Cause 3 — Incomplete KYC on the ordering customer: FATF wire transfer rules (Recommendation 16) require that the sender's full legal name, address, and account number travel with the payment. Some smaller originating banks send improperly formatted field 50 data. The intermediary detects this and holds pending additional information.

Cause 4 — Correspondent account cut-off or liquidity: less common, but some intermediaries have intraday liquidity management rules that queue large payments for the next RTGS cycle. This typically resolves within 4–8 hours and does not require intervention.

Cause 5 — Freeze order or legal hold: if the intermediary has received a law-enforcement freeze order (restraining order, court injunction, or asset freeze) targeting the beneficiary or the sender, the funds are legally held until the order is lifted or challenged. Your sender bank will receive a notice; you should engage a lawyer if this applies to you.

What to do: (1) Track on Ohmyfin — confirm the ACSP status and identify the intermediary BIC. (2) Email your sender bank with the UETR and the intermediary's BIC and ask them to contact that bank's payments operations team for a status. (3) Ask the sender bank to send an MT195 inquiry if they have not already. (4) Provide any additional KYC documents the intermediary requests — transaction purpose, source of funds letter, beneficiary corporate documents — through your sender bank. (5) For holds exceeding 10 business days with no communication, escalate to your national regulator.

Key takeaways

Frequently asked questions

How long can an intermediary bank legally hold a SWIFT payment?

There is no fixed international maximum, but under GPI rules the intermediary must update the tracker within 24 hours. US OFAC guidance gives banks 10 business days to process a OFAC-matched item before they must act (block, reject, or release). EU sanctions law requires banks to act "without delay". In practice, most holds resolve within 3–7 business days.

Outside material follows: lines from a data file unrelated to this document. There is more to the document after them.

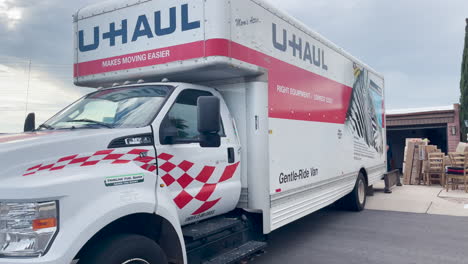 Großer-U-Haul-Truck-Vor-Einem-Haus-Mit-Offener-Garage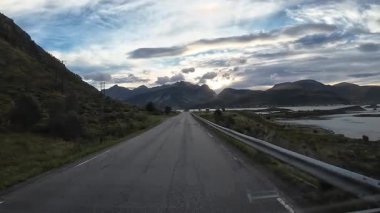 Lofoten Adaları, Norveç; 11 Eylül 2024: Lofoten 'de dağlarla ve fiyortlarla çarpıcı bir sahil yolu boyunca araba sürerken çekilen görüntüler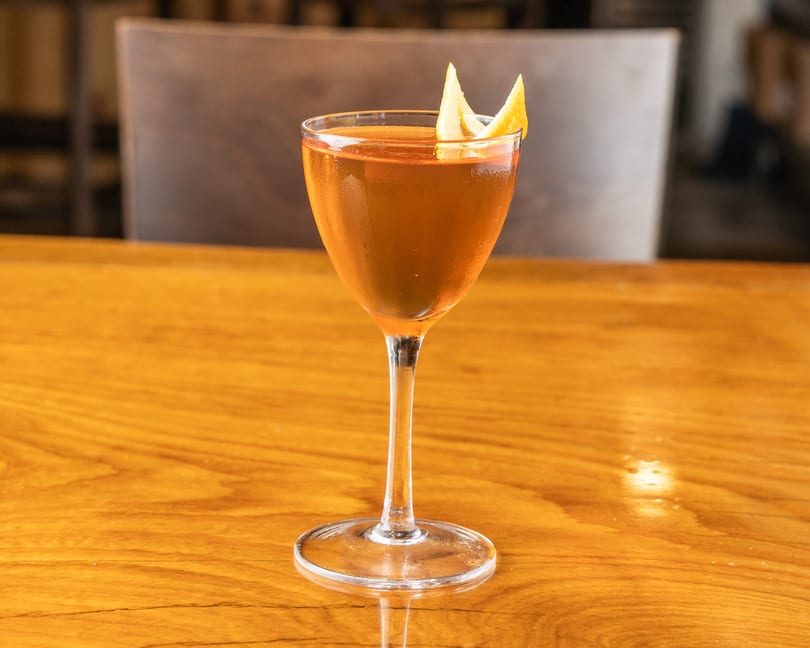 A chilled amber cocktail in a coupe glass garnished with orange peel on a wooden bar.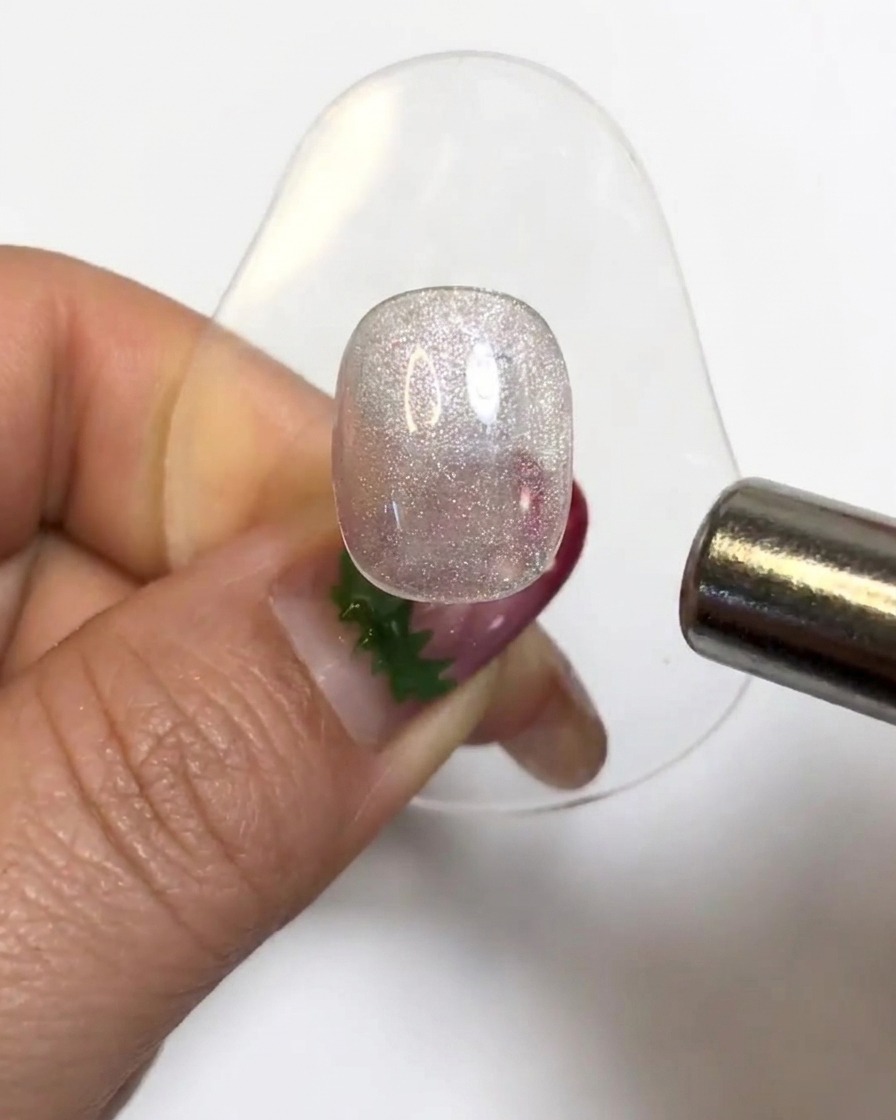 Un magnete cilindrico che fluttua sopra una tip di unghia in gel brillante per attivare le particelle cat-eye.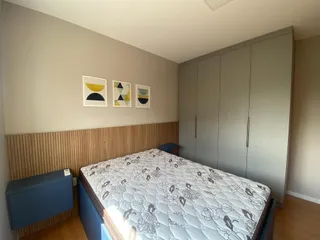 Quarto com cama grande e armário em um ambiente claro.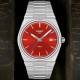 Tissot PRX Red Dial 40mm T1374101142100 – Tissot Watches NZ Tissot PRX Red Dial 40mm T1374101142100 by Tissot Watches NZ | Red Tissot PRX wristwatch with a stainless steel dial, silver hour markers, a date window at 3 o'clock, and 'PRX' elegantly inscribed above the 6 o'clock position.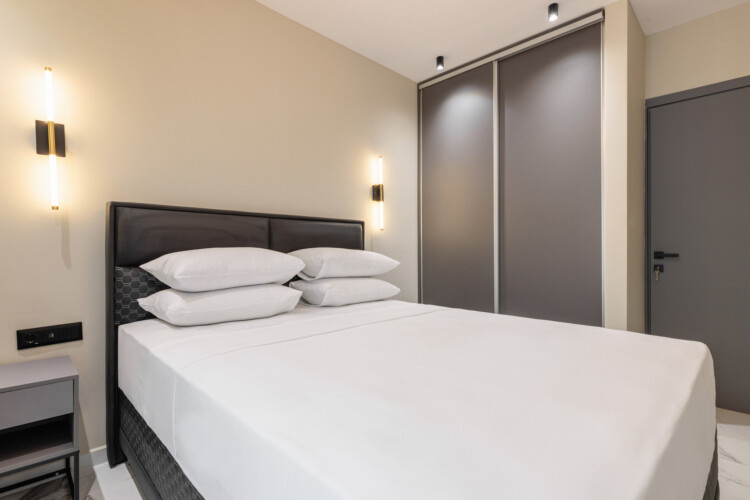 Dry Martini two-bedroom apartment in the city center with premium amenities, two bathrooms, stylish living room, and private balcony for a comfortable stay in Thessaloniki.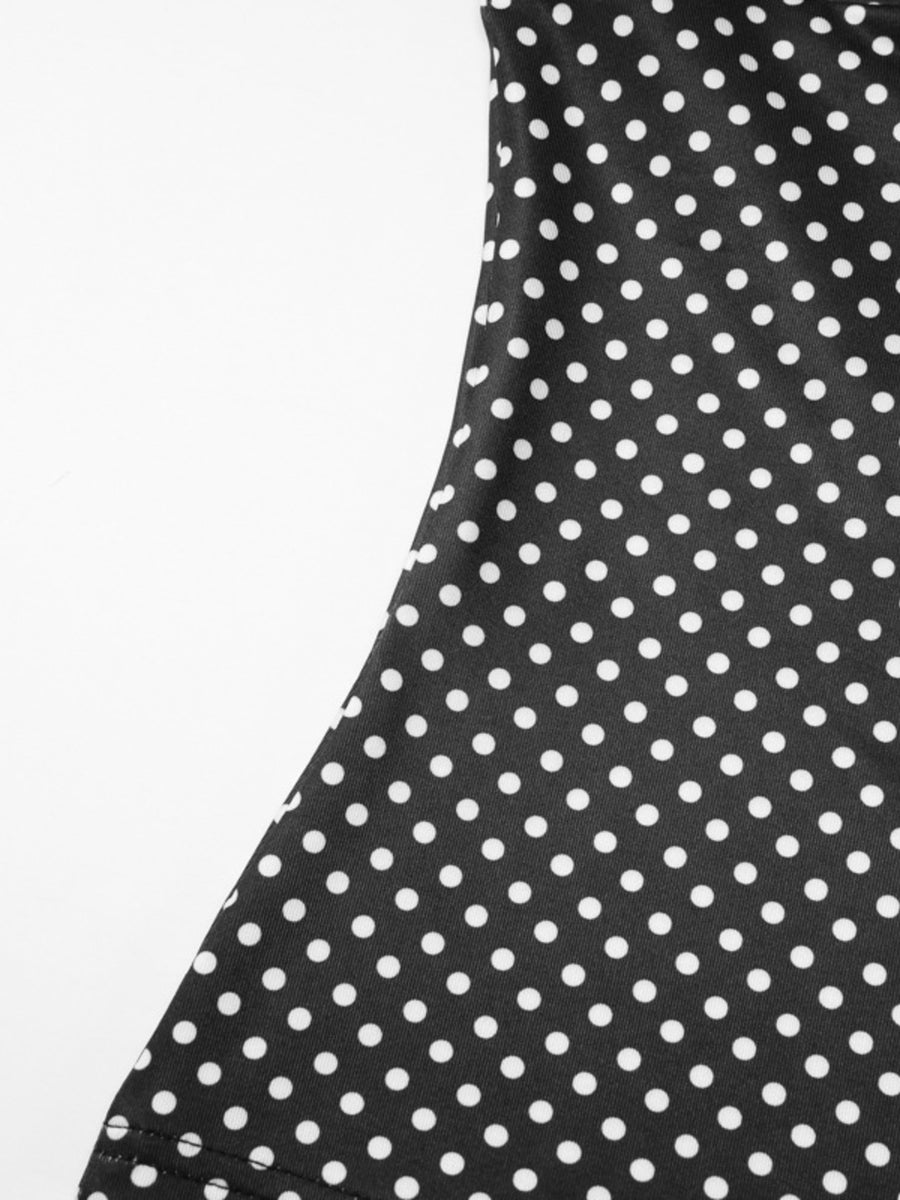 Black polka dot crop top and skirt set with ruffled detail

Can I contact the intermediary bank directly?

As an end customer, you typically cannot — you do not have a banking relationship with the intermediary. The sender bank is your point of escalation. However, if you are a corporate customer and the intermediary holds is a major bank you have a relationship with, a direct call to their payments operations desk can accelerate things.

Will I lose any money if the payment was held and then returned?

The intermediary may deduct a handling fee (typically USD 15–50) before returning the funds. Your sender bank may also charge a recall fee. The bulk of the money is returned.

Is my payment safe while held at an intermediary?

Yes. Regulated banks hold payment funds in segregated nostro accounts. The funds are not at risk of bank insolvency in the same way as retail deposits. If the intermediary bank fails while holding your wire (extremely rare), the funds are typically returned to the sender bank in insolvency proceedings.